Exercise inputs:
╭──

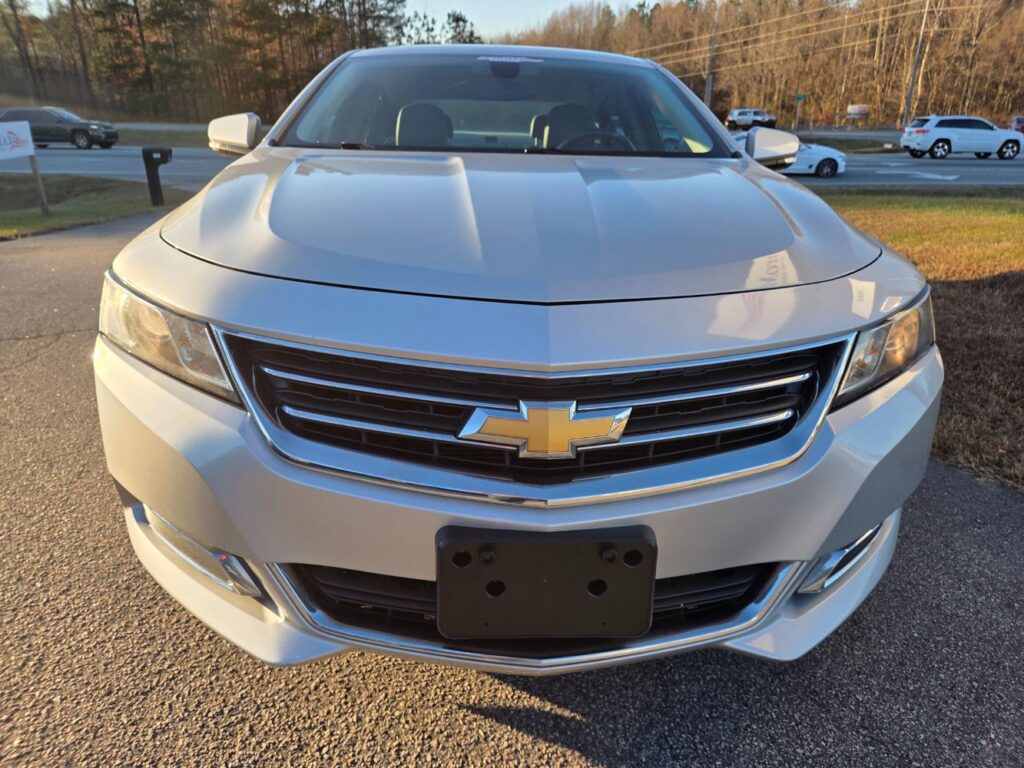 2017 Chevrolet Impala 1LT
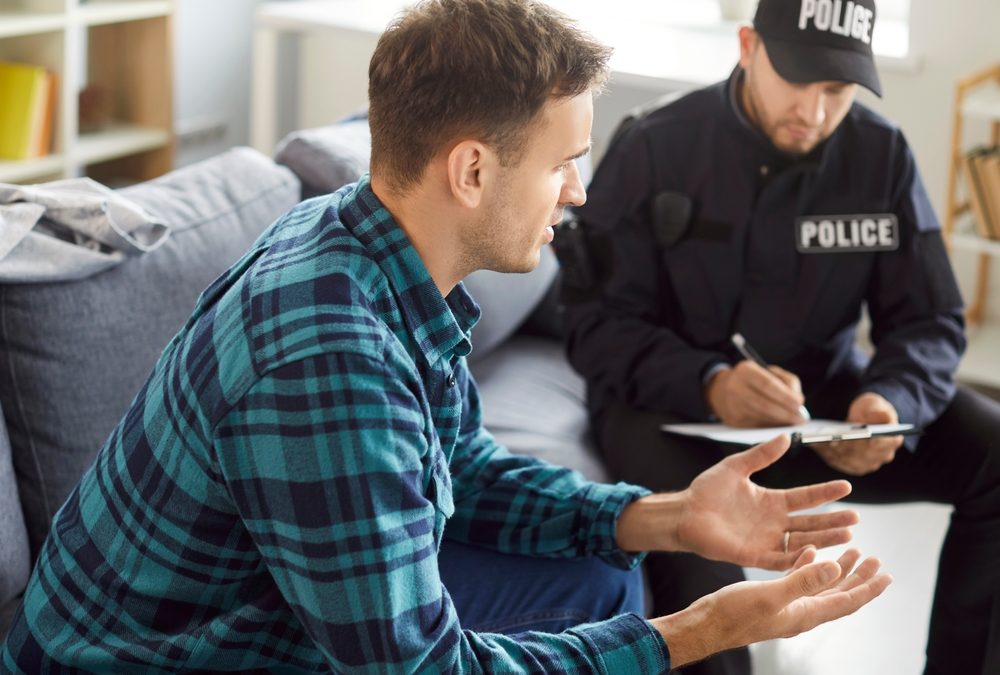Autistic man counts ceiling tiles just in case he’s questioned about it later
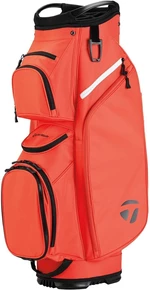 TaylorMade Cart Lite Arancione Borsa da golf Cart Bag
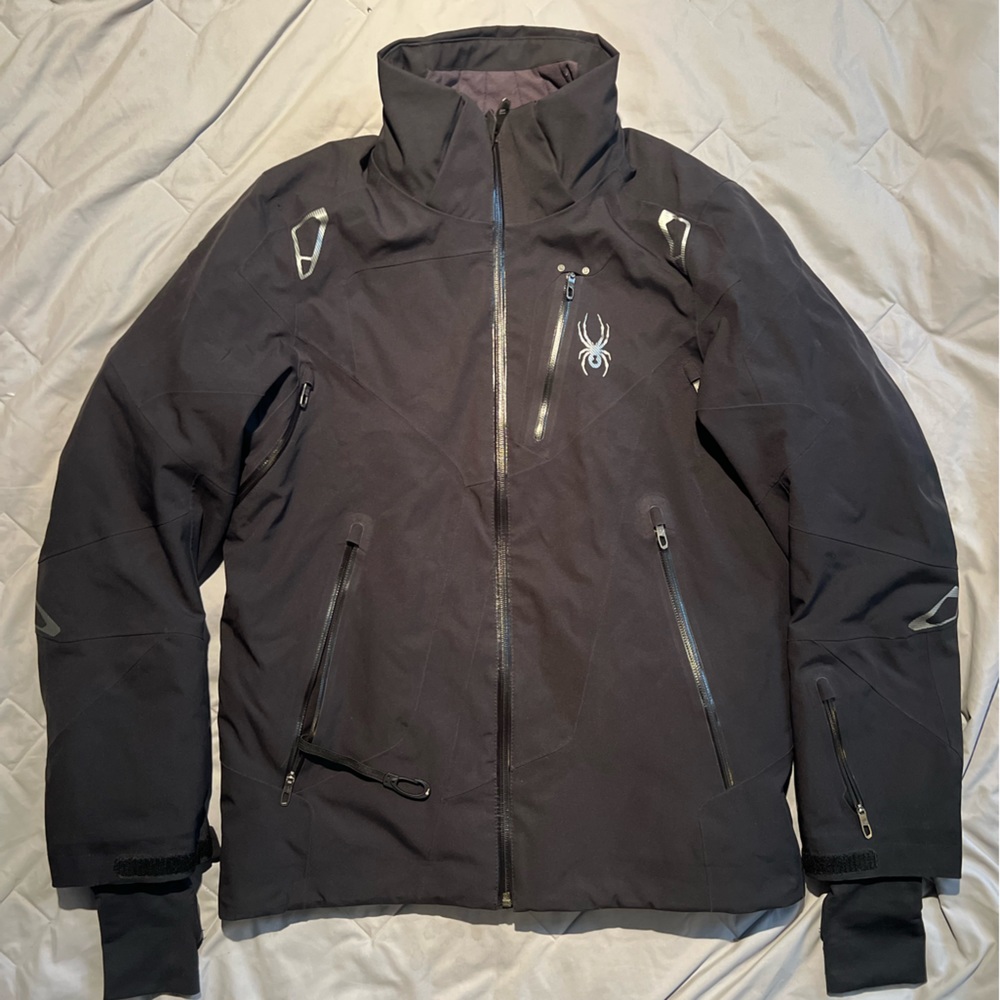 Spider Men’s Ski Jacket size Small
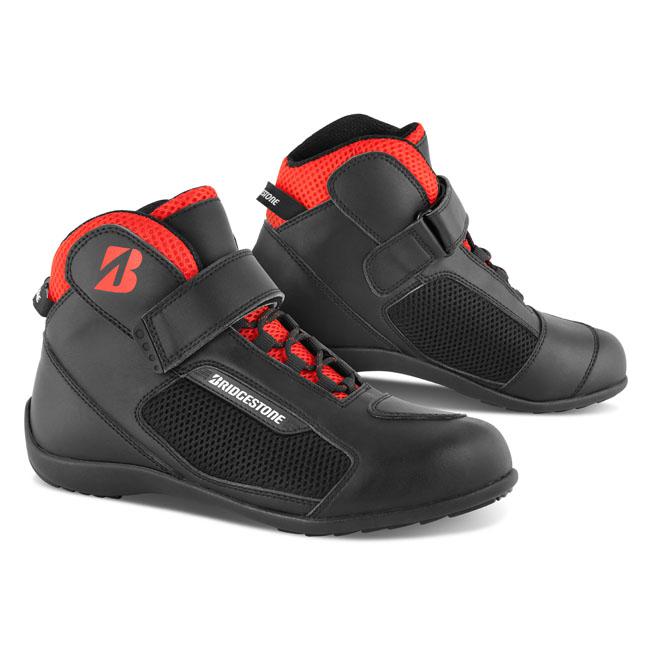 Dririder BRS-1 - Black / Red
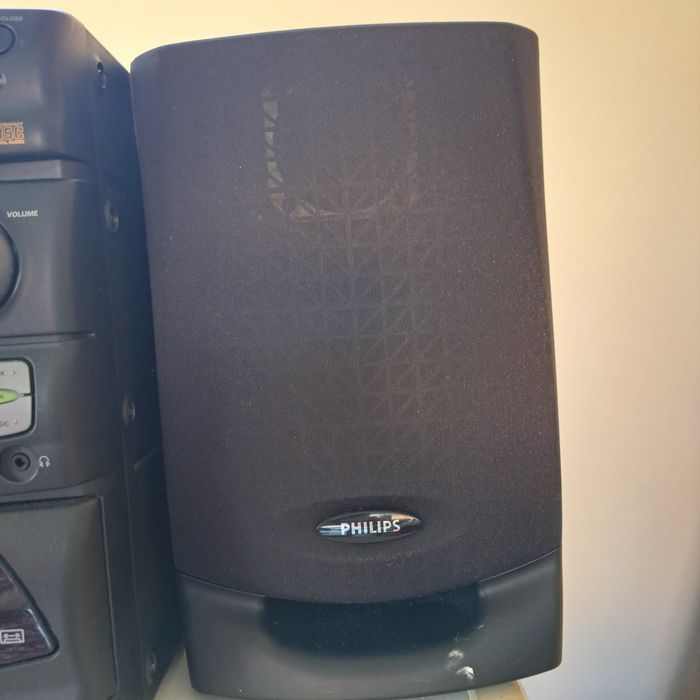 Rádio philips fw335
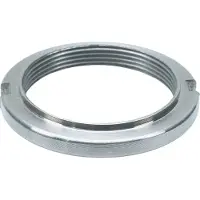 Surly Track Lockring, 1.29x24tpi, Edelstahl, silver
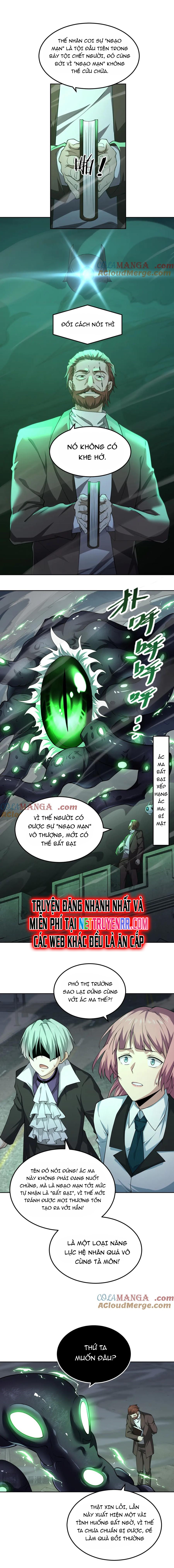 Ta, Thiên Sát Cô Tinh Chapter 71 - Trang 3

╰──
╭──

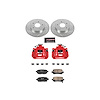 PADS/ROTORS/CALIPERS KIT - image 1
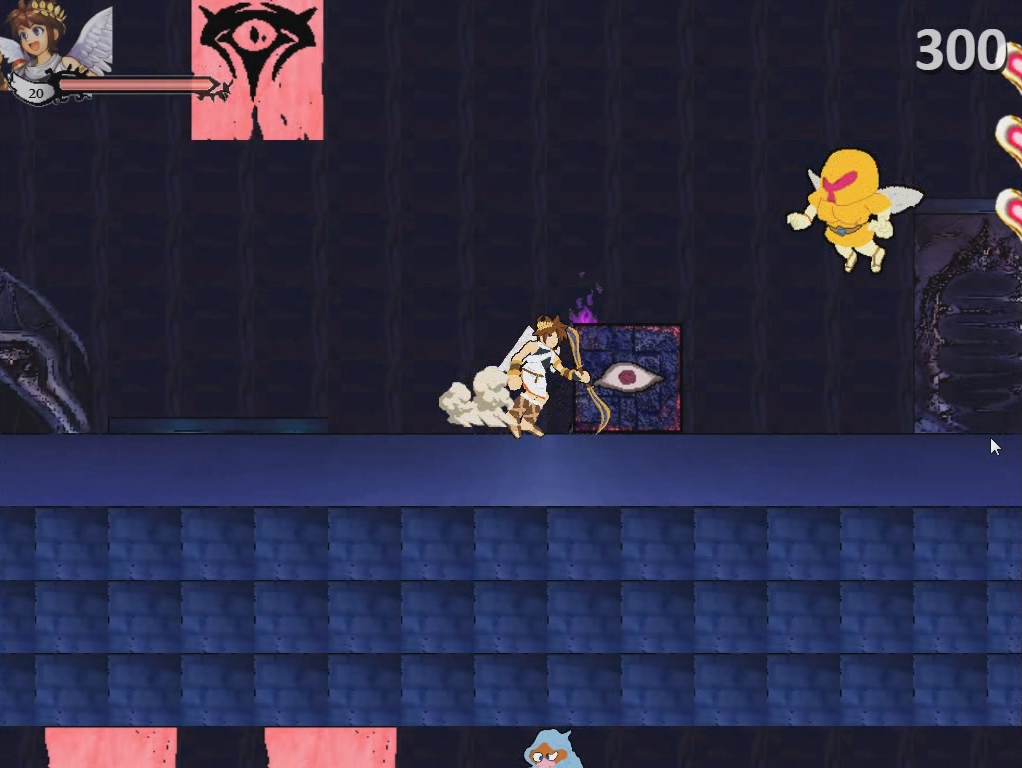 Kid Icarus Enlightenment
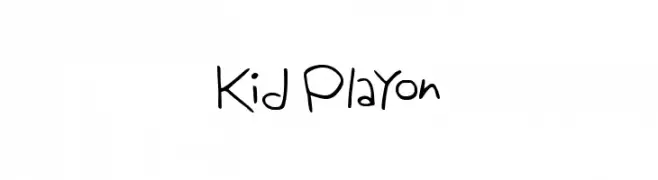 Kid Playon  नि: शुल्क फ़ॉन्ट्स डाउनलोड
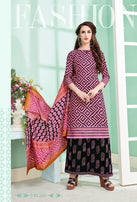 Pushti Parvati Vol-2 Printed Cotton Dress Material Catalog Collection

╰──
╭──

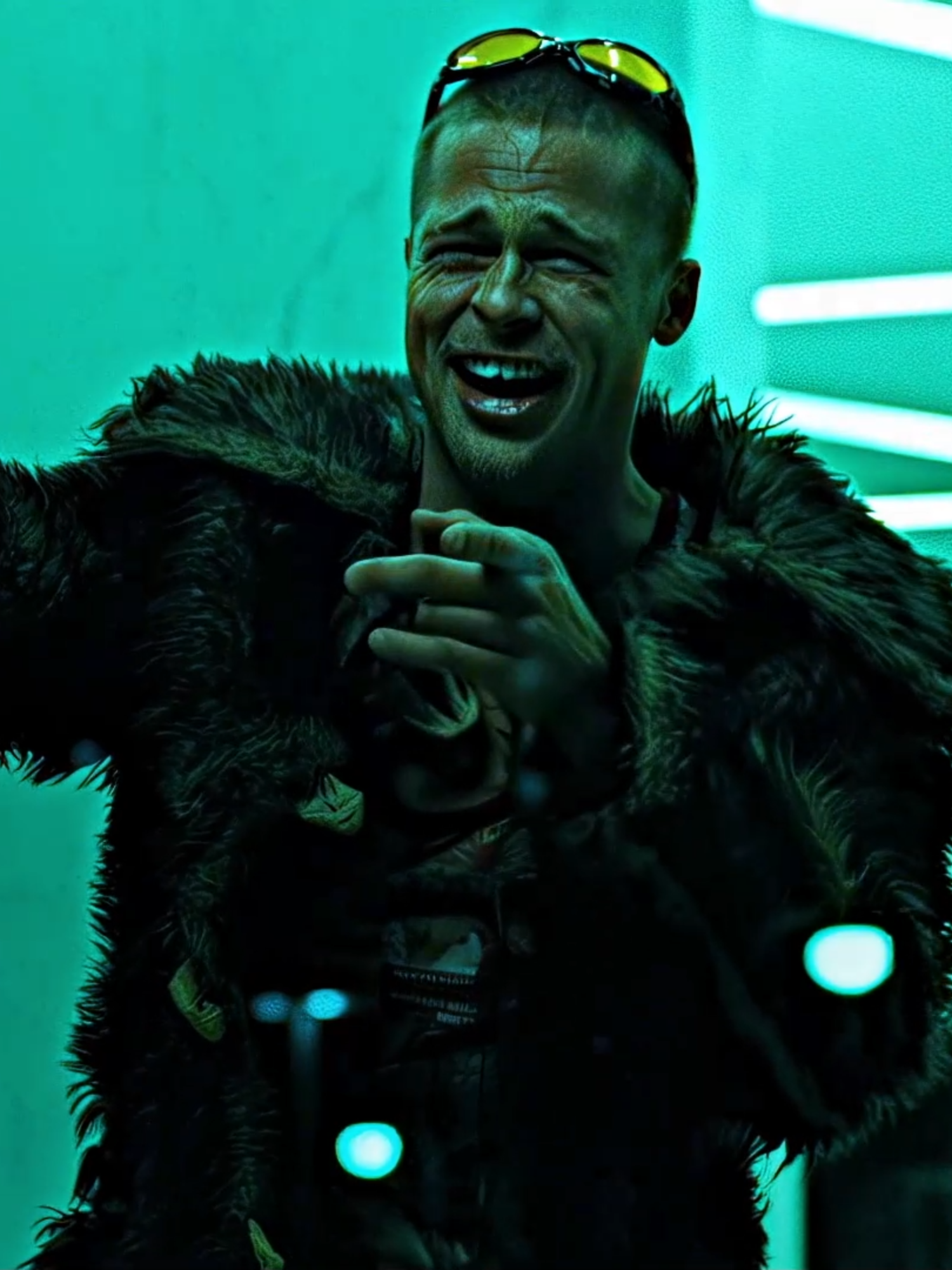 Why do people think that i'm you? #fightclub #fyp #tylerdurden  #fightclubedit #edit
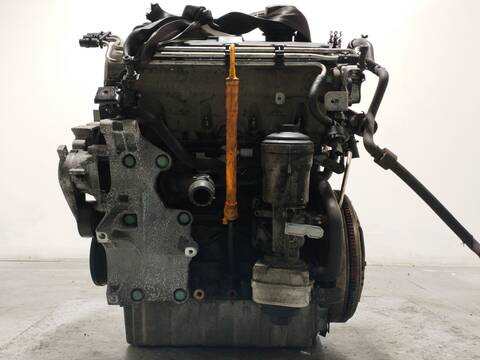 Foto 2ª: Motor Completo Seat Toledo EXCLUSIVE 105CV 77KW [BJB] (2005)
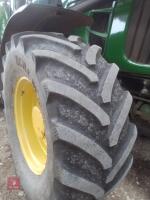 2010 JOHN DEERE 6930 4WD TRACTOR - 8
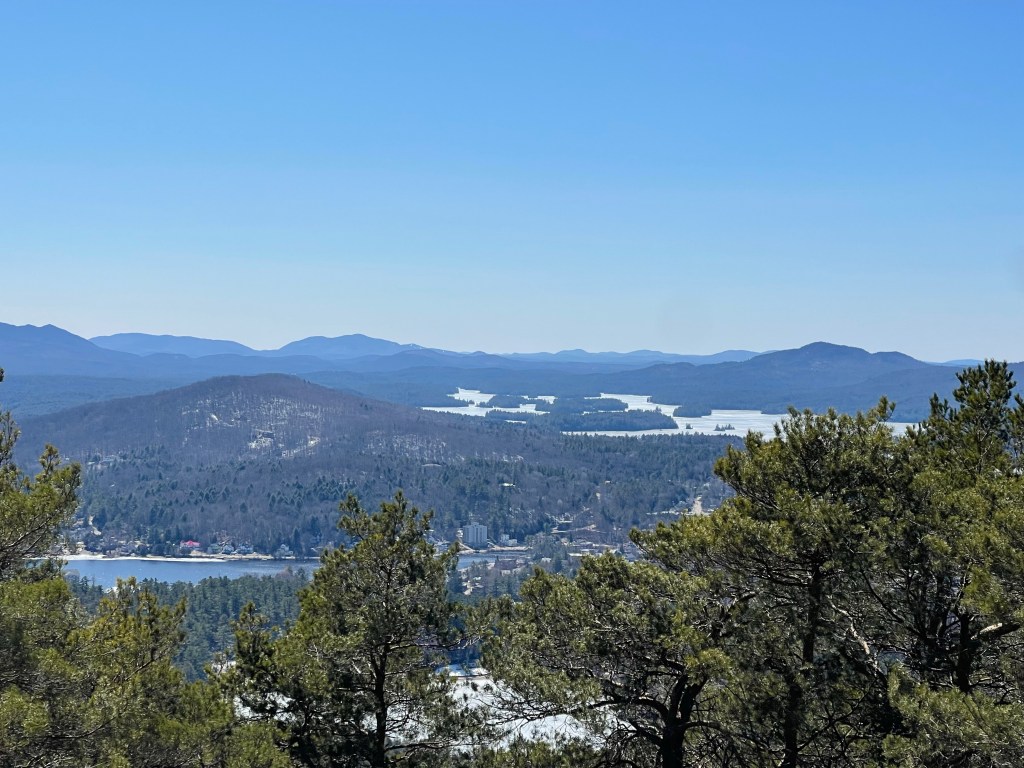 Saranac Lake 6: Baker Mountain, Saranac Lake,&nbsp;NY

╰──

Problem description:
Go back to the listing above and reproduce, exactly, the stretch from the line bearing "2017 Chevrolet Impala 1LT" through the line bearing "Ta, Thiên Sát Cô Tinh Chapter 71 - Trang 3", without its pictures.

Response box:
 2017 Chevrolet Impala 1LT
Autistic man counts ceiling tiles just in case he’s questioned about it later
 TaylorMade Cart Lite Arancione Borsa da golf Cart Bag
 Spider Men’s Ski Jacket size Small
 Dririder BRS-1 - Black / Red
 Rádio philips fw335
 Surly Track Lockring, 1.29x24tpi, Edelstahl, silver
 Ta, Thiên Sát Cô Tinh Chapter 71 - Trang 3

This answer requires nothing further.